On est d'abord frappé par l'orange vif de la couverture, avant de plonger avec délice dans le récit que la jeune Lara - alias Râla - fait des horribles événements survenus récemment dans sa vie. La pauvre jeune fille vient de quitter l'appartement magique où elle vivait avec ses parents, entourée de plantes en pots, de petits-déjeuners à rallonge et de couvertures multicolores et moelleuses pour aller se terrer dans une désespérante "maison en plastique" avec sa maman. Son père - qu'elle surnomme désormais "l'homme" - est resté dans l'empire sur lequel Râla régnait, la Râlbanie, et il semblerait bien que la pauvre jeune fille soit condamnée à rester vivre pour toujours dans cette banlieue résidentielle sans âme. 

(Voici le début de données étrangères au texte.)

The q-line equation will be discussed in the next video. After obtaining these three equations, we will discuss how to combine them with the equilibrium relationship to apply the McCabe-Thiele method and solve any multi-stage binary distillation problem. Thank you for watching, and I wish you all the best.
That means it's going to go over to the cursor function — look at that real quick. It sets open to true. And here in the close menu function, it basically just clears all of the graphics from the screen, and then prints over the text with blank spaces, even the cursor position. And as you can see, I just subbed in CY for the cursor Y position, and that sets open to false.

Mais Lara-Râla n'a pas sa langue dans sa poche, et c'est un pur bonheur de suivre ses élucubrations hautes en couleurs, de compatir au nombre de ses malheurs et de détester avec elle tout ce qui lui arrive. Car ce récit est fait avec un style très imagé, un vocabulaire très riche et conduit avec un humour intelligent, vif et dynamique : on avale les quelques 170 pages avec ravissement! C'est un régal de lire un texte aussi dense dans un livre accessible dès qu'on sait bien lire tout seul. 

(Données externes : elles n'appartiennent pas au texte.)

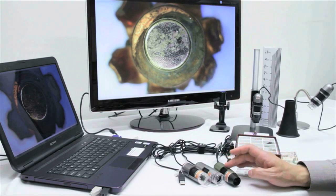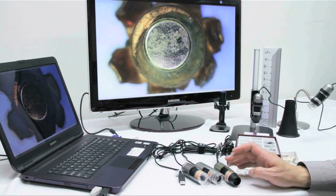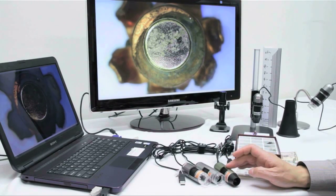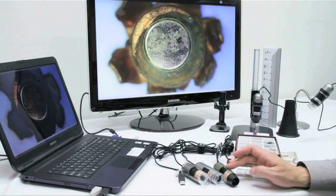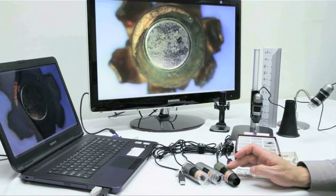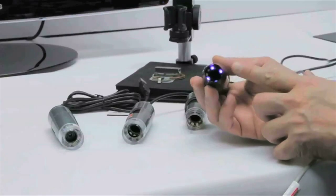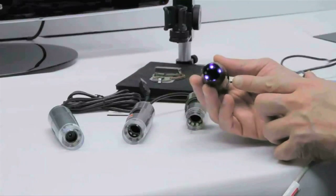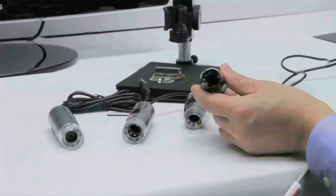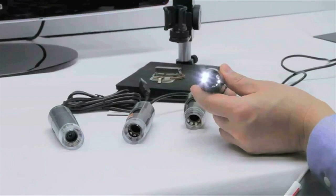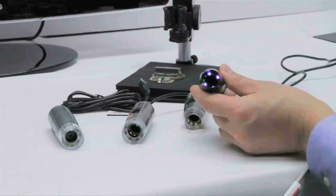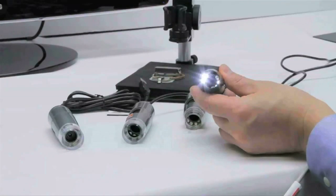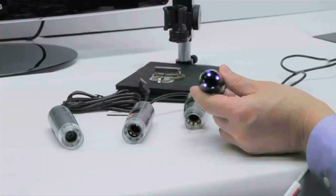And then last but not least, the one that we have over to the very far right is 4 white LEDs as well as 4 UV LEDs, but the difference with this one is the LEDs are tuned to 375 nanometer wavelength, opposed to 395.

Le récit est également mené avec subtilité, patience et douceur. Si Lara est perpétuellement en colère contre le monde entier, elle entraperçoit avec nous toute la complexité d'une situation qui la dépasse. Accompagnée de ses deux tortues et d'un toupet qui force l'admiration, la demoiselle va mener l'enquête sur les raisons qui ont poussé ses parents à se séparer. Pourquoi ne vivent-ils plus ensemble? Pourquoi son père est resté seul en Râlbanie? Pourquoi cette maison toute en plastique avec ces poignées partout? Heureusement, elle peut compter sur l'aide de son grand-père (un personnage sorti tout droit d'un chapeau de magicien), de sa bande de copains de toujours, et d'un garçon rencontré dans sa nouvelle école, qui ne parle pas pour ne rien dire et a également sa propre vie compliquée. Elle finira par découvrir la vérité nue, telle qu'on la masque souvent aux enfants dans l'espoir de les préserver, et décidera d'accepter la réalité avec courage et humour.

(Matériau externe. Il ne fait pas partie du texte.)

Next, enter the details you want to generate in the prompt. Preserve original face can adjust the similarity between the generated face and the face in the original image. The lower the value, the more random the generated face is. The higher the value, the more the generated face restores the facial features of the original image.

Le texte est également servi par des illustrations tout le long du livre. J'avais un peu peur de la mode Journal d'un dégonflé, mais ici, les dessins fonctionnent vraiment comme un pendant du texte et les deux se complètent très bien. Si le style de Flygenring peut perturber par son côté gribouilli, il correspond parfaitement au récit de la vie de Lara, et l'on viendrait presque à croire que c'est elle qui a coloré les pages de son histoire.

En bref, une très, très bonne découverte qui peut se lire gratuitement pour le plaisir, mais qui peut également parler avec sincérité et humour de sujets délicats comme la séparation, le déracinement et la maladie. Un texte vif et intelligent que je recommande chaudement!